TASK REQUIREMENTS
Within the data below, copy each line where the string "about" is found.

WORKING DATA

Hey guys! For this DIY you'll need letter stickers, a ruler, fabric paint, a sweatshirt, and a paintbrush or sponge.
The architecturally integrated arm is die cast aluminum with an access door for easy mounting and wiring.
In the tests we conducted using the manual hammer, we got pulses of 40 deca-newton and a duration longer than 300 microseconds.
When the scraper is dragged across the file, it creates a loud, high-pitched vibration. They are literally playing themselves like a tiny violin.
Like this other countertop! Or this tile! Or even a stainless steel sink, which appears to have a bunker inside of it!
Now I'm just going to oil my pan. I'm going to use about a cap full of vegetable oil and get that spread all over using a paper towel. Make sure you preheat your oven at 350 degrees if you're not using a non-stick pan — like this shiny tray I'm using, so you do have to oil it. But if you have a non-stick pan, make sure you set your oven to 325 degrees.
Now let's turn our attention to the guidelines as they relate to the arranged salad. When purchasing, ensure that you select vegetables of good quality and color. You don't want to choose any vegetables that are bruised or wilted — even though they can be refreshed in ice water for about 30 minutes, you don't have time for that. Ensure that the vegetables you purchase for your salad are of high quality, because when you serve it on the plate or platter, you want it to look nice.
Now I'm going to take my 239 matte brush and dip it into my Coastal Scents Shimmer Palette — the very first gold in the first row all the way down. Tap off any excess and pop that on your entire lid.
==
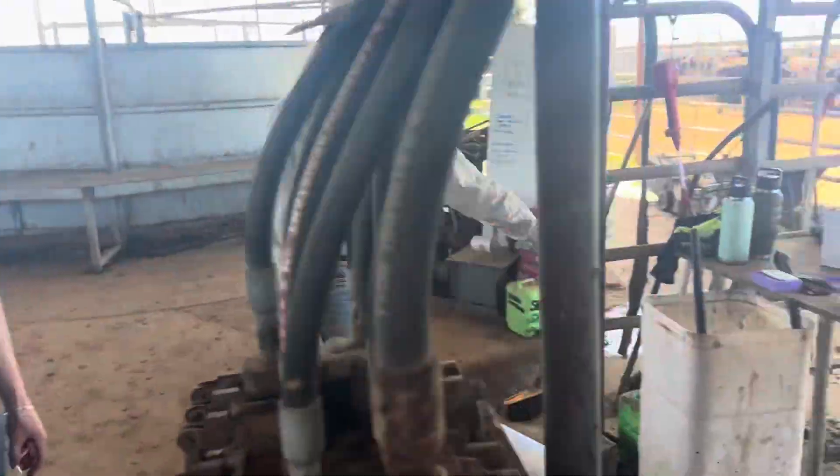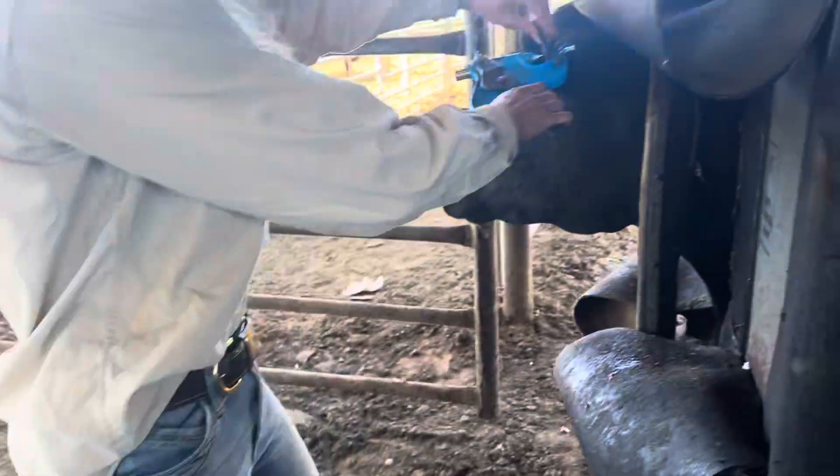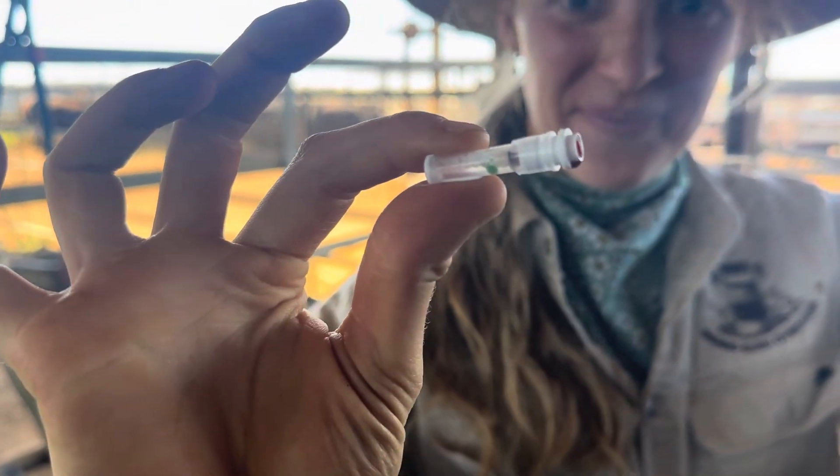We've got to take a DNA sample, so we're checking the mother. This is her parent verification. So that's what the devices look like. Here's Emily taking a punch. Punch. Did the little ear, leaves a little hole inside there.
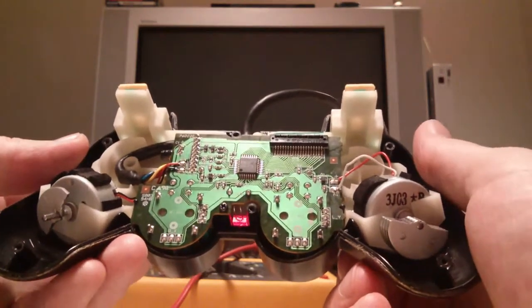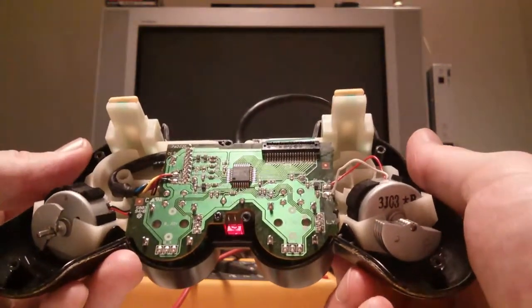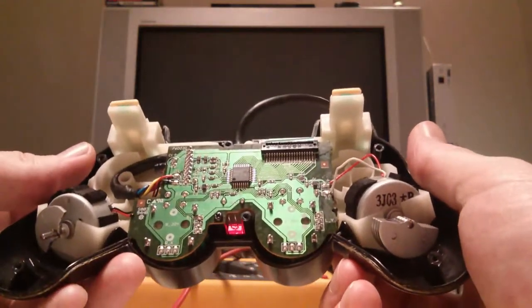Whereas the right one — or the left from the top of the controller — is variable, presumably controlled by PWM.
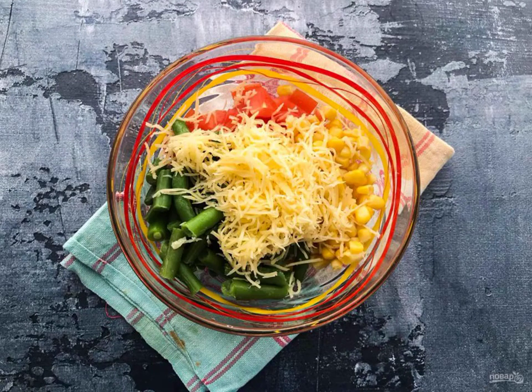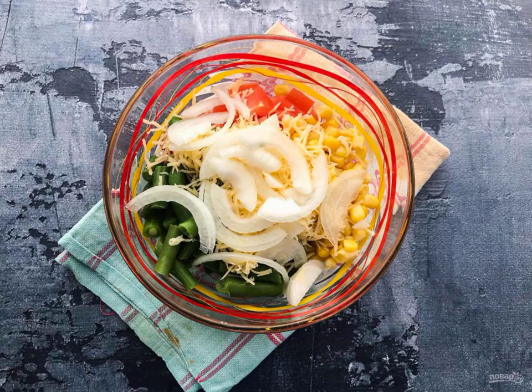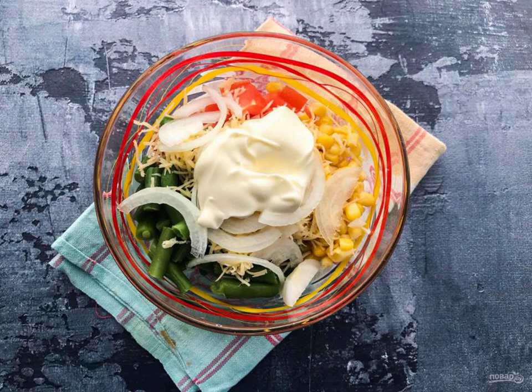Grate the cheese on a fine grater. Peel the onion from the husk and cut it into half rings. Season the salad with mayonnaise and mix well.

FINISHED EXERCISE
Now I'm just going to oil my pan. I'm going to use about a cap full of vegetable oil and get that spread all over using a paper towel. Make sure you preheat your oven at 350 degrees if you're not using a non-stick pan — like this shiny tray I'm using, so you do have to oil it. But if you have a non-stick pan, make sure you set your oven to 325 degrees.
Now let's turn our attention to the guidelines as they relate to the arranged salad. When purchasing, ensure that you select vegetables of good quality and color. You don't want to choose any vegetables that are bruised or wilted — even though they can be refreshed in ice water for about 30 minutes, you don't have time for that. Ensure that the vegetables you purchase for your salad are of high quality, because when you serve it on the plate or platter, you want it to look nice.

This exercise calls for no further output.